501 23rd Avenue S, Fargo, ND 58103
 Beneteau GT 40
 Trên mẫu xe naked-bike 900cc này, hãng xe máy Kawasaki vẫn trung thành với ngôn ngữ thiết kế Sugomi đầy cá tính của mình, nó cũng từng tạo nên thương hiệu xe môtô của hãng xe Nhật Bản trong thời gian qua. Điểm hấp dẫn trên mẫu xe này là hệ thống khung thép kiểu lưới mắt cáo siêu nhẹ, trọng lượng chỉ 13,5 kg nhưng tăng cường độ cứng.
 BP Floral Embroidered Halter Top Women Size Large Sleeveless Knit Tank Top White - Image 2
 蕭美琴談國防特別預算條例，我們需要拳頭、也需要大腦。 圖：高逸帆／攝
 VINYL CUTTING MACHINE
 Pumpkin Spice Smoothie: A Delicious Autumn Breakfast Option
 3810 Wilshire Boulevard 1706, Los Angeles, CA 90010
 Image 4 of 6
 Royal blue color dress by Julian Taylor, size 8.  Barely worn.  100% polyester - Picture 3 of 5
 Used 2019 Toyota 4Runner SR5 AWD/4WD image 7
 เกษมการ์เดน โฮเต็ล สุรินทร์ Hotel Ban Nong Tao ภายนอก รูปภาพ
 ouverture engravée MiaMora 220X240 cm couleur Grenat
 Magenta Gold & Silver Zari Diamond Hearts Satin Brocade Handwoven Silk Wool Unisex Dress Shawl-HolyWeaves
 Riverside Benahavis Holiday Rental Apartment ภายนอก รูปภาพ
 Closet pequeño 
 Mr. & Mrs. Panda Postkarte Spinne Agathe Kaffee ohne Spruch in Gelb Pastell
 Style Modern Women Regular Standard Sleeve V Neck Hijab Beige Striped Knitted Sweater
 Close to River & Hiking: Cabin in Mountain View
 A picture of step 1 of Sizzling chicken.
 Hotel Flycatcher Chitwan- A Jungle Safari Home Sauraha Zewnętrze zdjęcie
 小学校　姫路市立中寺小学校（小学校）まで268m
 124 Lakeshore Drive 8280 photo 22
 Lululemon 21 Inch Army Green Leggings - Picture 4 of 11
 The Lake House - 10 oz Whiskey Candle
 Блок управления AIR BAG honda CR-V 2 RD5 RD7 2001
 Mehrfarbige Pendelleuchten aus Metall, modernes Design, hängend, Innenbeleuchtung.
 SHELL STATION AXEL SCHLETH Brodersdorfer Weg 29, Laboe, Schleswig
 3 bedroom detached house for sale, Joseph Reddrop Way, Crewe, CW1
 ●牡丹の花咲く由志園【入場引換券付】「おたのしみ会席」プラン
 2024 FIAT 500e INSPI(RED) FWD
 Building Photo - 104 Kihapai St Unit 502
___
Since the material above must be kept intact, output it exactly as it is.

SOLUTION TO THE EXERCISE
501 23rd Avenue S, Fargo, ND 58103
 Beneteau GT 40
 Trên mẫu xe naked-bike 900cc này, hãng xe máy Kawasaki vẫn trung thành với ngôn ngữ thiết kế Sugomi đầy cá tính của mình, nó cũng từng tạo nên thương hiệu xe môtô của hãng xe Nhật Bản trong thời gian qua. Điểm hấp dẫn trên mẫu xe này là hệ thống khung thép kiểu lưới mắt cáo siêu nhẹ, trọng lượng chỉ 13,5 kg nhưng tăng cường độ cứng.
 BP Floral Embroidered Halter Top Women Size Large Sleeveless Knit Tank Top White - Image 2
 蕭美琴談國防特別預算條例，我們需要拳頭、也需要大腦。 圖：高逸帆／攝
 VINYL CUTTING MACHINE
 Pumpkin Spice Smoothie: A Delicious Autumn Breakfast Option
 3810 Wilshire Boulevard 1706, Los Angeles, CA 90010
 Image 4 of 6
 Royal blue color dress by Julian Taylor, size 8.  Barely worn.  100% polyester - Picture 3 of 5
 Used 2019 Toyota 4Runner SR5 AWD/4WD image 7
 เกษมการ์เดน โฮเต็ล สุรินทร์ Hotel Ban Nong Tao ภายนอก รูปภาพ
 ouverture engravée MiaMora 220X240 cm couleur Grenat
 Magenta Gold & Silver Zari Diamond Hearts Satin Brocade Handwoven Silk Wool Unisex Dress Shawl-HolyWeaves
 Riverside Benahavis Holiday Rental Apartment ภายนอก รูปภาพ
 Closet pequeño 
 Mr. & Mrs. Panda Postkarte Spinne Agathe Kaffee ohne Spruch in Gelb Pastell
 Style Modern Women Regular Standard Sleeve V Neck Hijab Beige Striped Knitted Sweater
 Close to River & Hiking: Cabin in Mountain View
 A picture of step 1 of Sizzling chicken.
 Hotel Flycatcher Chitwan- A Jungle Safari Home Sauraha Zewnętrze zdjęcie
 小学校　姫路市立中寺小学校（小学校）まで268m
 124 Lakeshore Drive 8280 photo 22
 Lululemon 21 Inch Army Green Leggings - Picture 4 of 11
 The Lake House - 10 oz Whiskey Candle
 Блок управления AIR BAG honda CR-V 2 RD5 RD7 2001
 Mehrfarbige Pendelleuchten aus Metall, modernes Design, hängend, Innenbeleuchtung.
 SHELL STATION AXEL SCHLETH Brodersdorfer Weg 29, Laboe, Schleswig
 3 bedroom detached house for sale, Joseph Reddrop Way, Crewe, CW1
 ●牡丹の花咲く由志園【入場引換券付】「おたのしみ会席」プラン
 2024 FIAT 500e INSPI(RED) FWD
 Building Photo - 104 Kihapai St Unit 502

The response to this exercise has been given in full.